I'm debating whether or not to start an SW army, I have always liked them fluffwise more so then any other chapter. I'm quite disappointed that Logan Grimnar and Ragner Blackmane aren't getting re-done.


----------



## ravager37

i like the current logan figure so im actually happy they didn re-do it, i mean they could almost just as easily ruin the model as well as make a better one, they seem nasty as hell, good thing im done w my 2 eldar armies


----------



## tu_shan82

The new models that the Space Puppies are getting make me happy in the pants, but I'm going to ignore the urges to start a SW army, until I've finished with my DA's and IG.


----------



## Lord Pestilice

smfanboy said:


> some new rumours from warseer


IF this is true Im going to be pissed off at GW. Back in 2nd Ed. the SW codex was called "Codex Cheese" for a reason. Apparently things have not changed much with the new one. Wolves continue to get as many or more options for LESS points than their Codex Marine counter parts. 

Weapon options for 5 points cheaper than the Marine version on average? BS!!!
Devestators who can move AND shoot???? WTF?!?!?
2 Frost Blades = +2 STR AND 2 attacks in hth > Relic Blade = +2 STR and only 1 attack in hth. Talk about being able to write the rules in the way you want to circumvent all the penalties or drawbacks.
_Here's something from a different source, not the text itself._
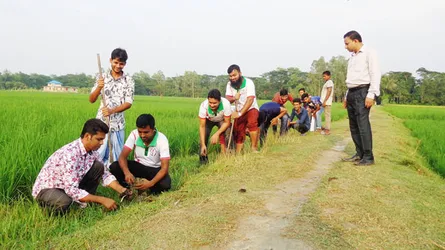 মিরসরাইয়ের ‘অদম্য-২০০৫’ এর তালের আঁটি রোপণ কর্মসূচি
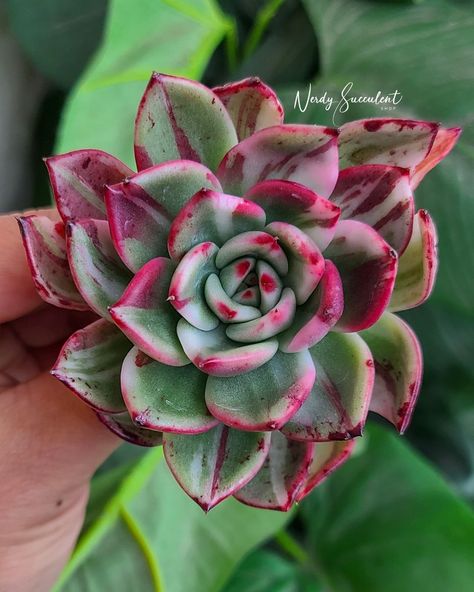 Nerdy Succulent’s Instagram photo: “The colors on this Echeveria Star Boss Variegated are unreal. I had it for a few weeks now and the colors have gotten so beautiful. It's…” Cactus, Stars, Instagram Photo, Plants, Color, Instagram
Don't even get me started on the special characters with some of what I have read. Again, IF this is all true....grrrr.


----------



## Katie Drake

It's not so bad! At least, uh, Grey Hunters can't take heavy weapons?

:laugh:


----------



## Shadow Hawk

It's obvious why they do it. The units have become more and more powerful with every codex, so the latest one is the most powerful. It's just marketing.
 Say you play something like DE maybe. They don't have the edge they used to and aren't very competitive. If you want the most powerful army like some do, you're gonna (probably) gonna go to games workshop and buy the new army, so you get the edge. Then another army gets done, and you feel that to have the edge and but the new army that comes out.
But then again, most people are happy with their armies, and don't want to change, it's just squeezing money out of those ultra-competetive gamers.


----------



## WingZ

Im thinking of droping my BA for SW is it worth it?


----------



## Tim/Steve

Depends if you like the SW fluff or not- changing army just because SW are supposedly 'powerful' is a pretty rubbish reason to change.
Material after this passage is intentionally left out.